В условиях 1917 г. часть комсостава Черноморского флота активно включилась в общественно-политическую деятельность. Возникла группа давления, которая оказала заметное влияние на политическую обстановку в начале Февральской революции. Немногочисленные офицеры приняли участие в работе партий и общественных движений. Комсостав активно участвовал в работе черноморских Советов и других выборных органов власти в 1917 г. Эти офицеры оказали значительное влияние на работу выборных учреждений весной – летом 1917 г., направляя её в конструктивное русло, используя легальные возможности этих органов для борьбы с анархией[145].

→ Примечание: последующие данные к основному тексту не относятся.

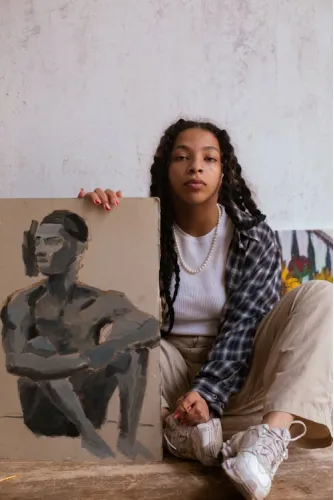 Girl holding a finished painting in an art studio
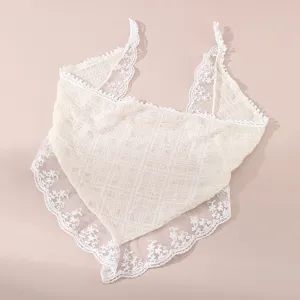 Close-up of the delicate floral lace triangle hair band, featuring intricate embroidery trim.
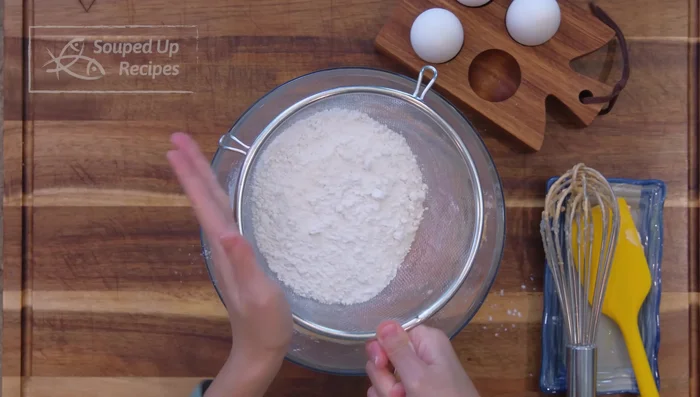 Sift in cornstarch and cake flour. Mix until no dry flour remains.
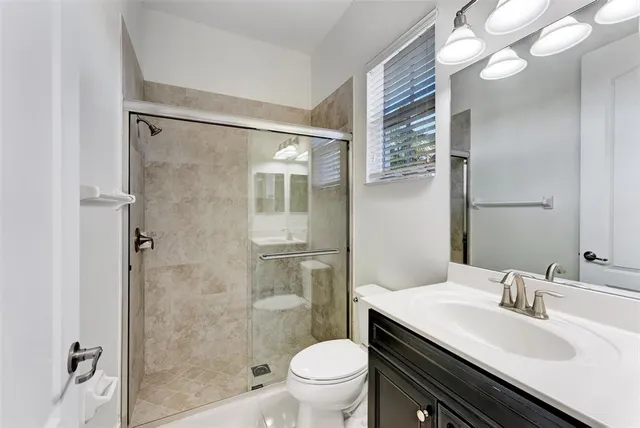 a view of a backyard with swimming pool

Весной 1917 г. офицеры оказали значительное влияние на деятельность комитетов, сохраняли возможность командования подчиненными. Участие их в работе указанных учреждений в большинстве случаев стало продолжением служебной деятельности. Правда, выборные органы постепенно расширяли сферу своей компетенции, неуклонно снижалось влияние офицеров. Была введена выборность комсостава. Характерным явлением в обстановке на Черноморском флоте стали конфликты между нижними чинами и командирами. Истоки этого явления можно найти как в предшествующей истории вооруженных сил (социальное неравенство офицера и матроса, грубость со стороны командного состава), так и в конкретной ситуации на флоте 1917 г.: борьба офицеров за сохранение дисциплины, конфликт командования с выборными органами, месть со стороны нижних чинов за ранее наложенные взыскания, подозрения в контрреволюционности и др.[146]
Судя по заявлениям А. В. Колчака на допросе в 1920 г., положение начало меняться в апреле 1917 г. – вместе с приездом на Черноморский флот депутаций с Балтийского флота[147]. Адмирал Колчак констатировал, что на Черноморский флот «хлынула масса самых подозрительных и неопределенных типов, началось ведение совершенно определенной пропаганды, направленной к развалу флота, начали обвинять офицеров в империализме, в обслуживании интересов буржуазии»[148]. О том же написал в своих воспоминаниях морской офицер Н. А. Монастырев. По его свидетельству, «на базах Черноморского флота появились подстрекатели и убийцы, прибывшие с Балтики (революционные матросы – большевистские агитаторы-пораженцы. – С.В.). Они яростно и открыто начали агитировать против адмирала Колчака и вообще против офицеров как таковых. “Почему вы еще терпите офицеров – этих врагов народа, которые ради собственной выгоды стремятся затянуть братоубийственную войну? Они всегда были опорой трона, а потому являются злейшими врагами революции! Не верьте им! Посмотрите, чего мы достигли на Балтике, перерезав этих гадов! Хватит войны! Немцы – это наши друзья, и мы хотим жить с ними в мире. Да здравствует всеобщая свобода! Мы, большевики, укажем вам правильный [курс]!” Результаты подобной агитации не замедлили сказаться. На офицеров действительно стали смотреть как на врагов государства»[149]. А. И. Верховский, воспоминания которого носят неизгладимый отпечаток самоцензуры и цензуры, ограничился лишенной подробностей констатацией того факта, что контр-адмирал «был бессилен, окруженный только своими офицерами»[150]. Впрочем, положение А. В. Колчака несколько скрашивало то обстоятельство, что «массовую базу» ему создавали эсеры: «Живые и энергичные агитаторы сновали по кораблям, превознося и военные таланты адмирала, и его преданность революции»[151].